To do: Write out exactly the lines from the one holding "Juraron bandera 280" to the last line of the entries, both ends included and nothing else, without the pictures.

----------------

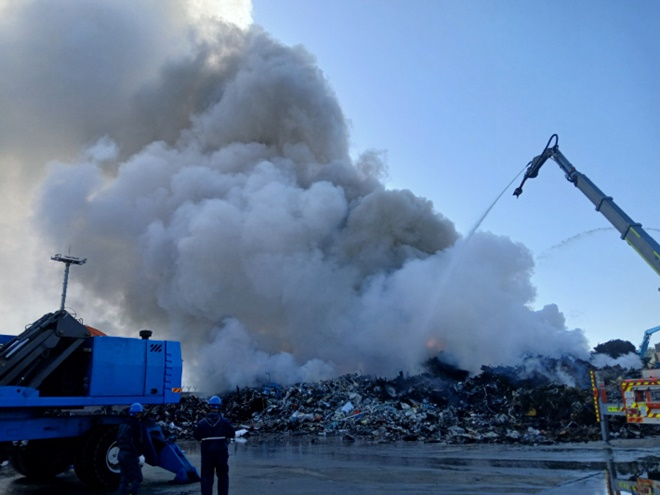 YK스틸 야적장 화재를 진화하고 있다.(제공=부산소방재난본부)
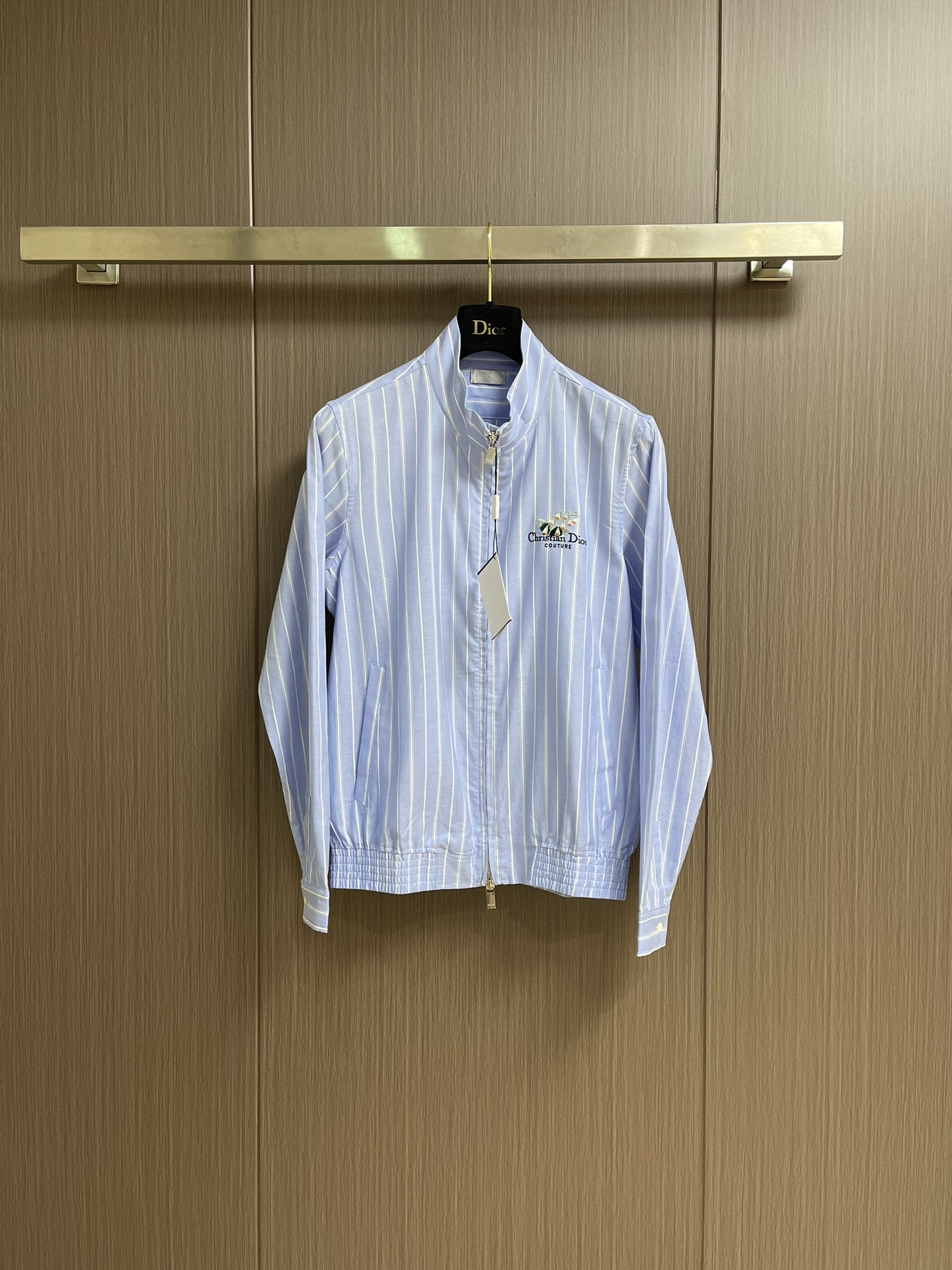 Title: Dior 2025 Zipper Jacket with Couture Embroidery and Blue Striped Cotton Silk – Sizes S-XXL Summary: Dior’s 2025 zipper jacket features - 图片 1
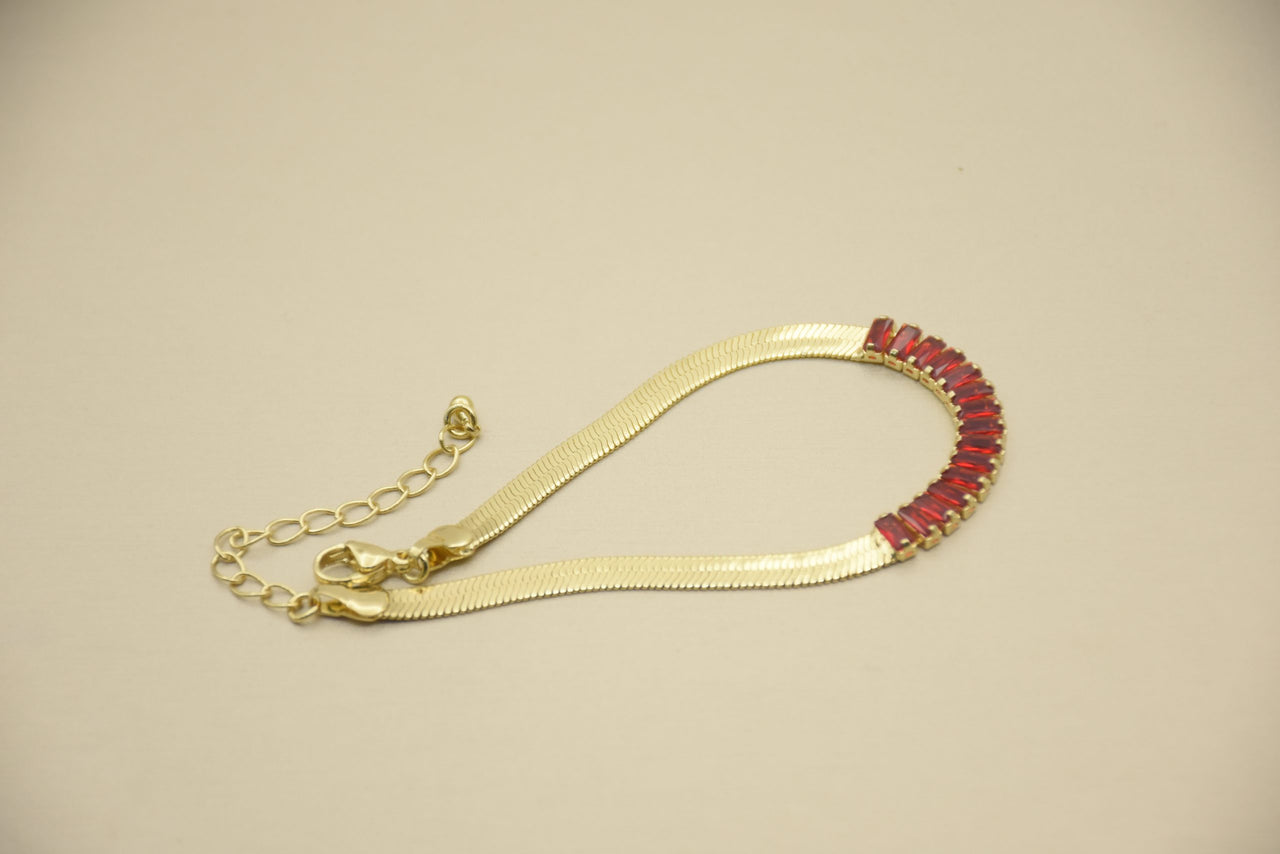 Chic Elegance: Contemporary 18K Gold-Plated Brass Bracelet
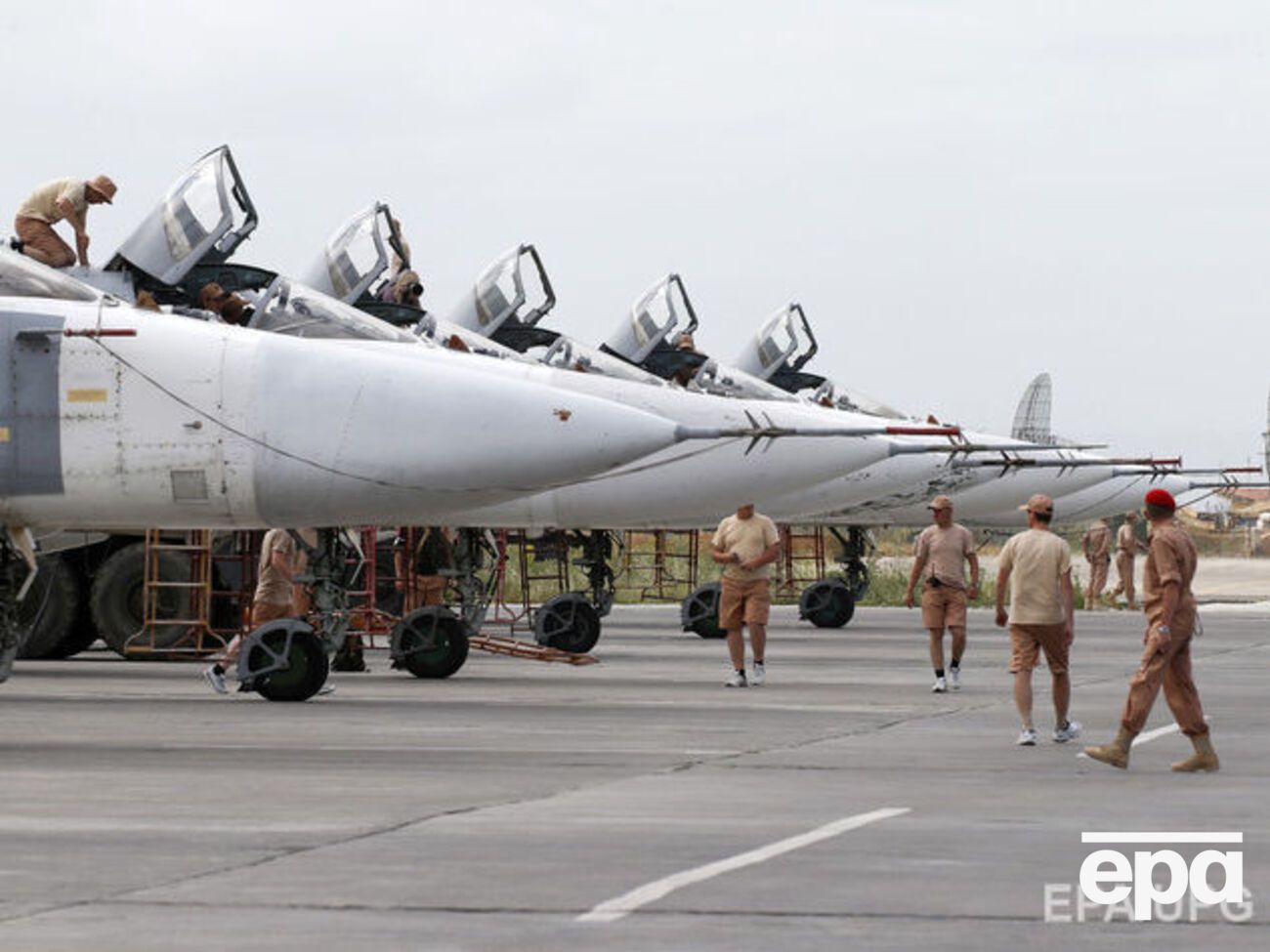 Источники агентства рассказали, что бойцы российской частной военной компании прилетают в Сирию на военных самолетах РФ, а в случае ранения лечатся в больницах для российских военных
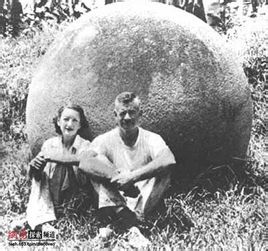 哥斯大黎加巨型石球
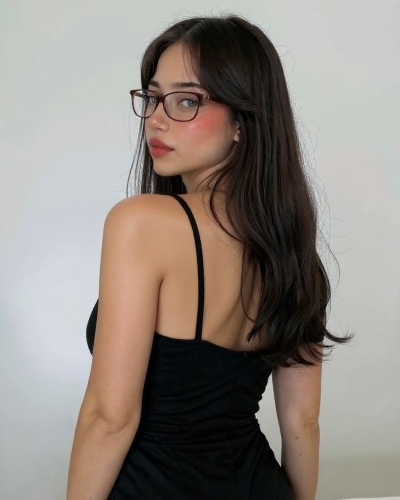 tattoo generator - brunette girl example before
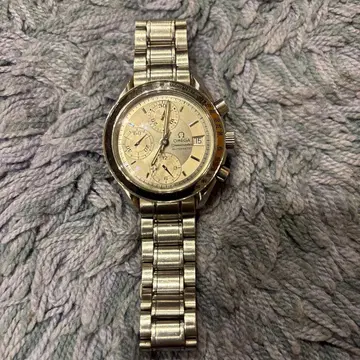 OMEGA 스피드 마스터 데이트 크로노그래프 손목시계
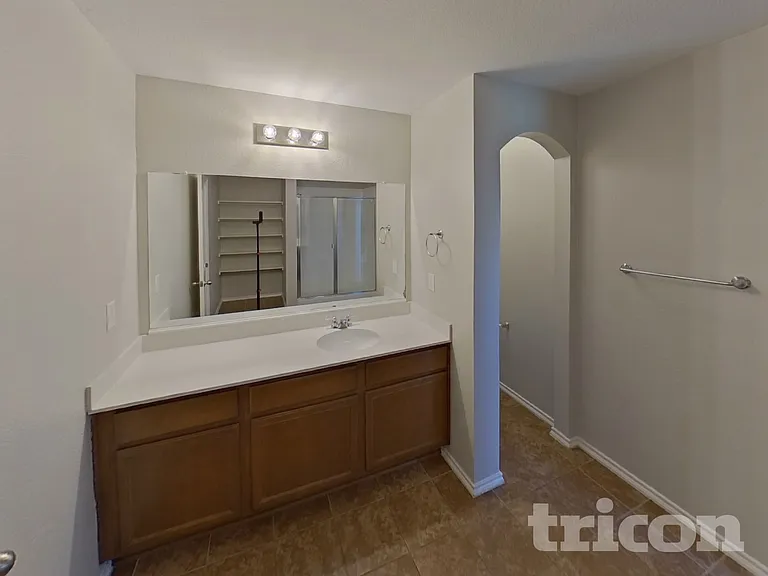 1062 Churchill Dr — Photo 11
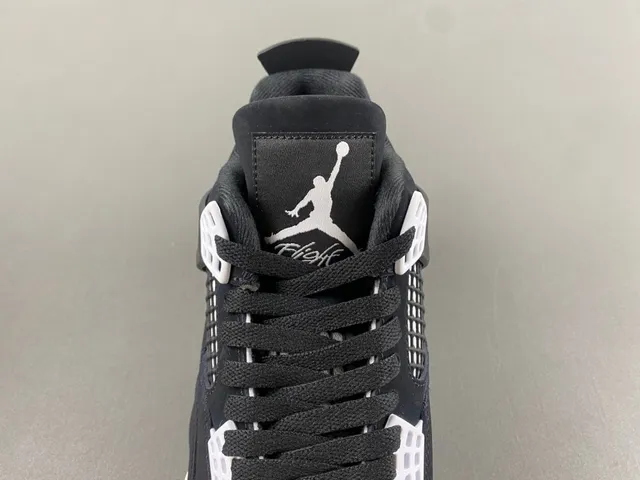 Air Jordan 4 黑白篮球鞋 7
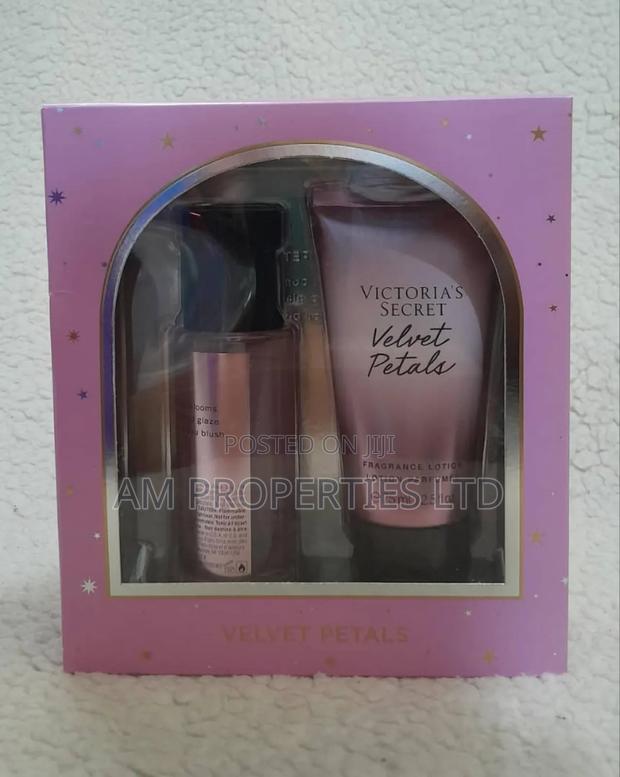 Victoria's Secret Travel Size Duo Set · Photo 1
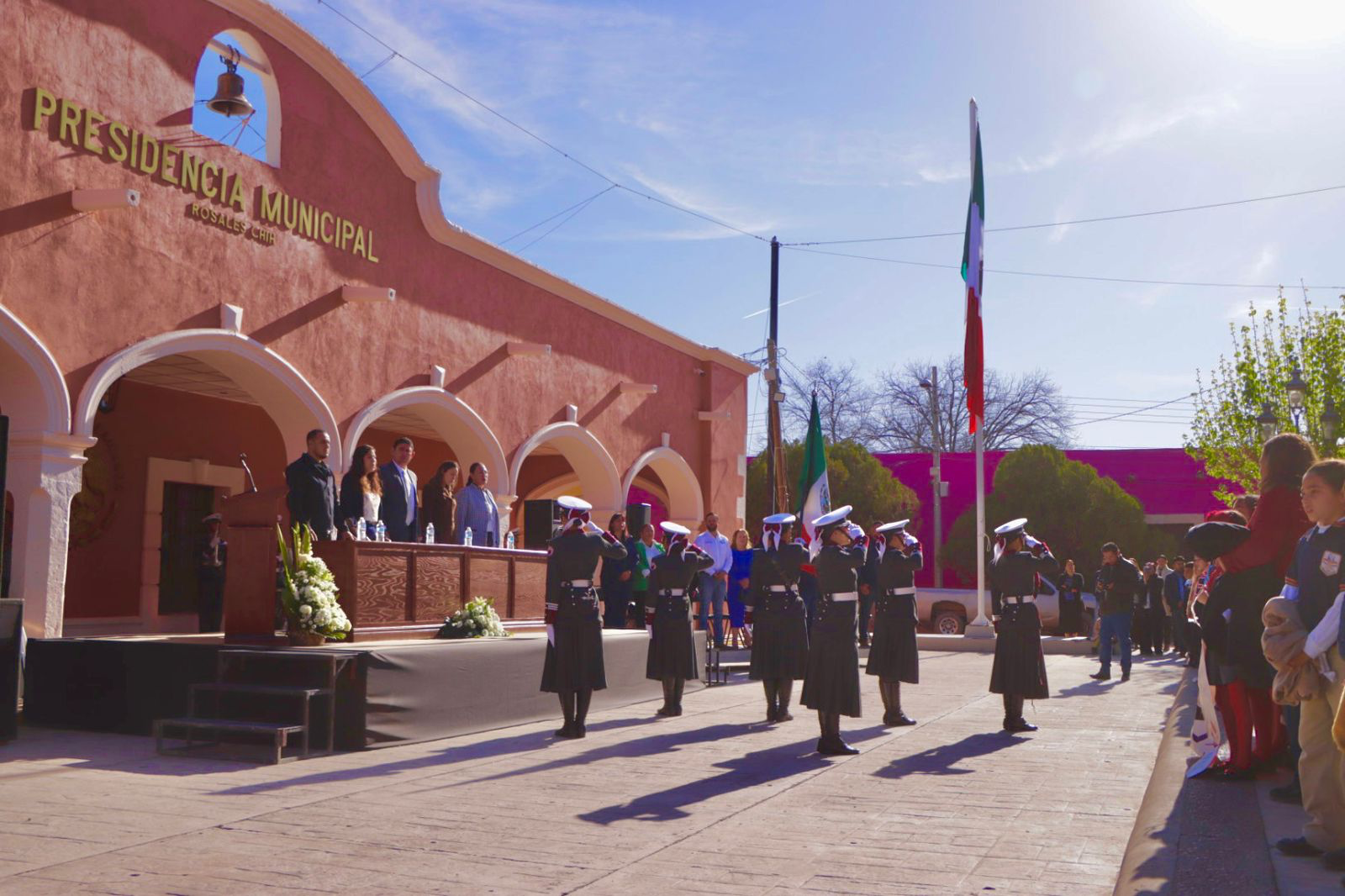 Juraron bandera 280 estudiantes de tercer grado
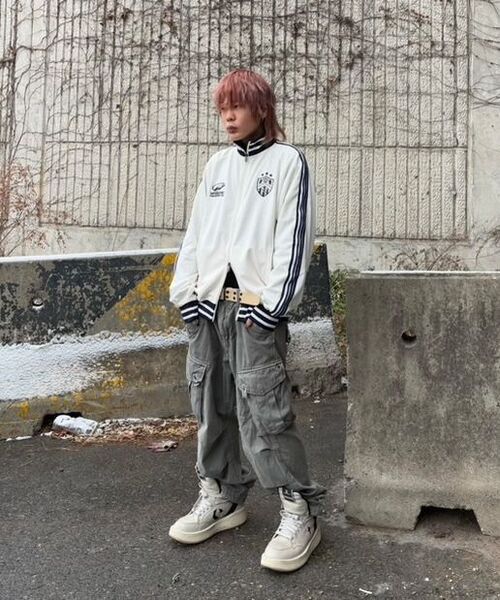TRAVEL（トラベル）の「ジャージトラックジャケットアイボリー（ナイロンジャケット・レディース・その他・SMALL/MEDIUM/LARGE）」の12枚目の写真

----------------

Written answer:
 Juraron bandera 280 estudiantes de tercer grado
TRAVEL（トラベル）の「ジャージトラックジャケットアイボリー（ナイロンジャケット・レディース・その他・SMALL/MEDIUM/LARGE）」の12枚目の写真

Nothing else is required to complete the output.